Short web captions

►

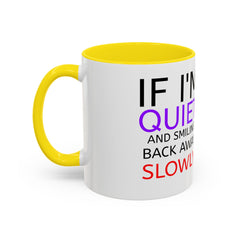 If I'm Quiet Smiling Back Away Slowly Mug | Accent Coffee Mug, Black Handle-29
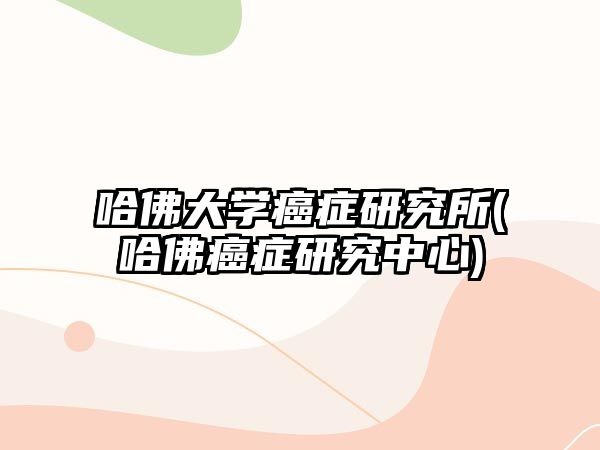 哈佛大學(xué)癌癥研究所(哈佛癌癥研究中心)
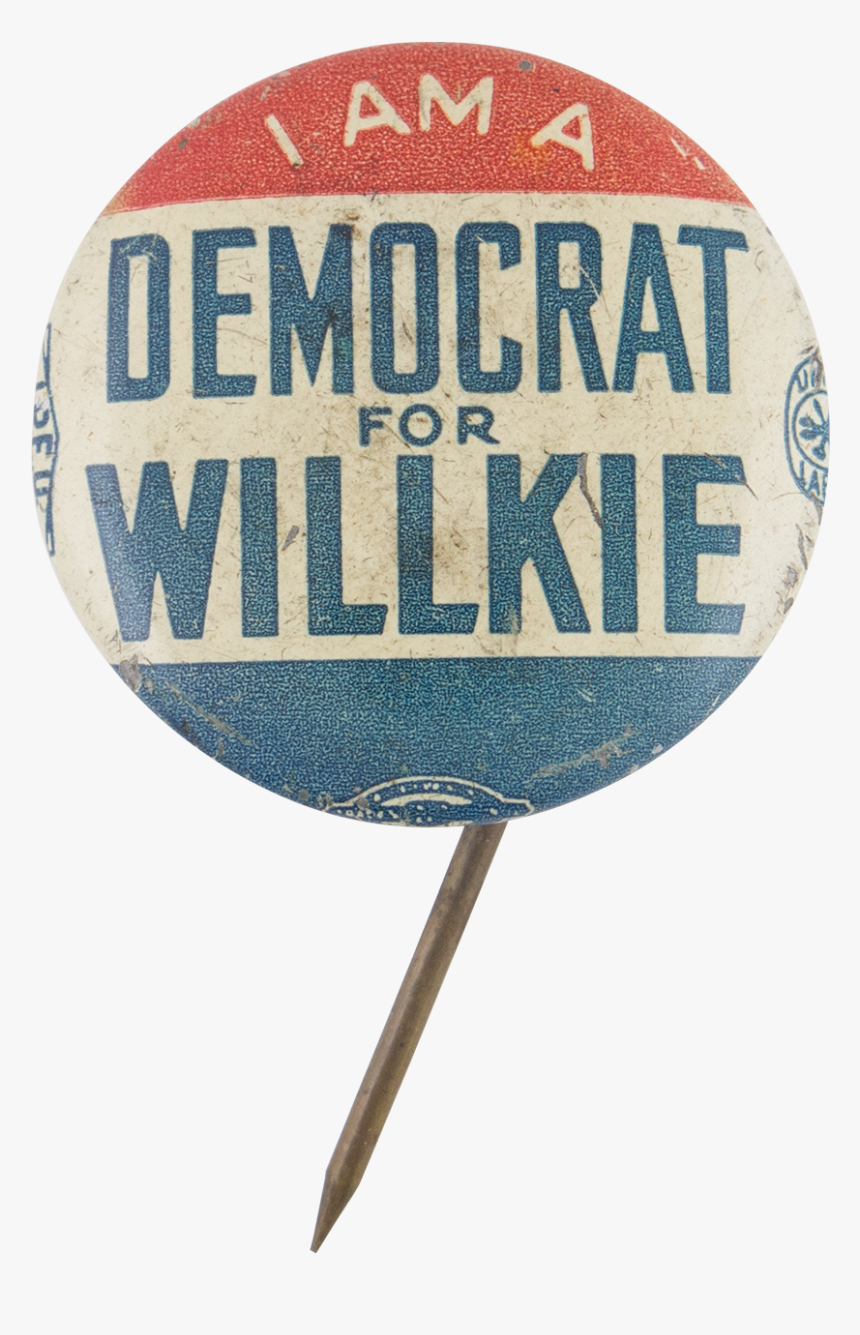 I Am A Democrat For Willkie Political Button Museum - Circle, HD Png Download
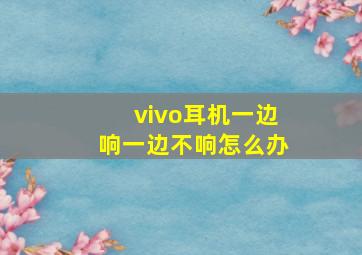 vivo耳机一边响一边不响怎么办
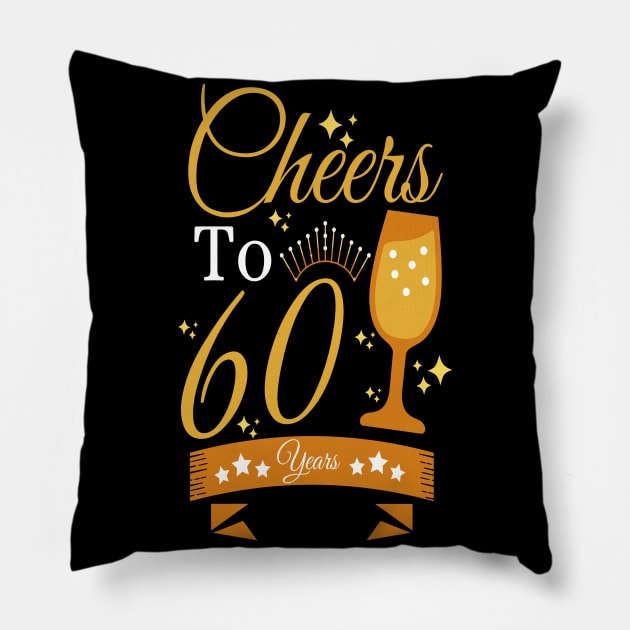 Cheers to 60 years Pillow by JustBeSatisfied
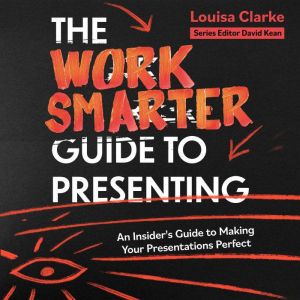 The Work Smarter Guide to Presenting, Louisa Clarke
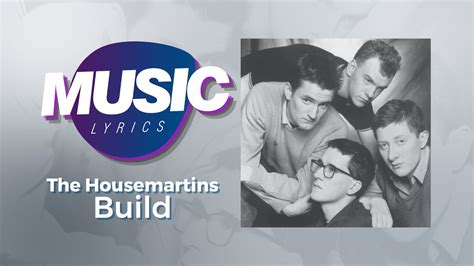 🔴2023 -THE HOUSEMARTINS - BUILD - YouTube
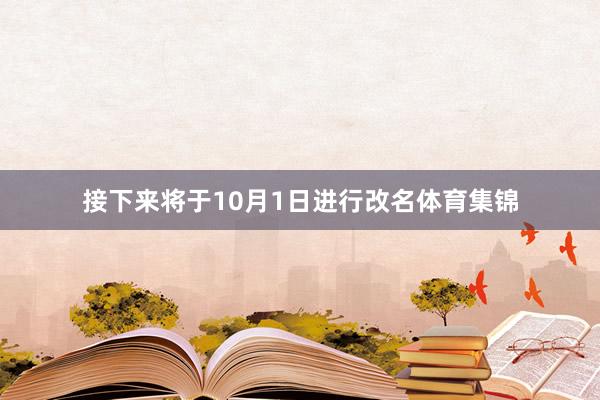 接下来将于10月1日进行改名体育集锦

◄

Retype the entries exactly, skipping every picture.

 If I'm Quiet Smiling Back Away Slowly Mug | Accent Coffee Mug, Black Handle-29
 哈佛大學(xué)癌癥研究所(哈佛癌癥研究中心)
 I Am A Democrat For Willkie Political Button Museum - Circle, HD Png Download
 vivo耳机一边响一边不响怎么办
 Cheers to 60 years Pillow by JustBeSatisfied
 The Work Smarter Guide to Presenting, Louisa Clarke
 🔴2023 -THE HOUSEMARTINS - BUILD - YouTube
 接下来将于10月1日进行改名体育集锦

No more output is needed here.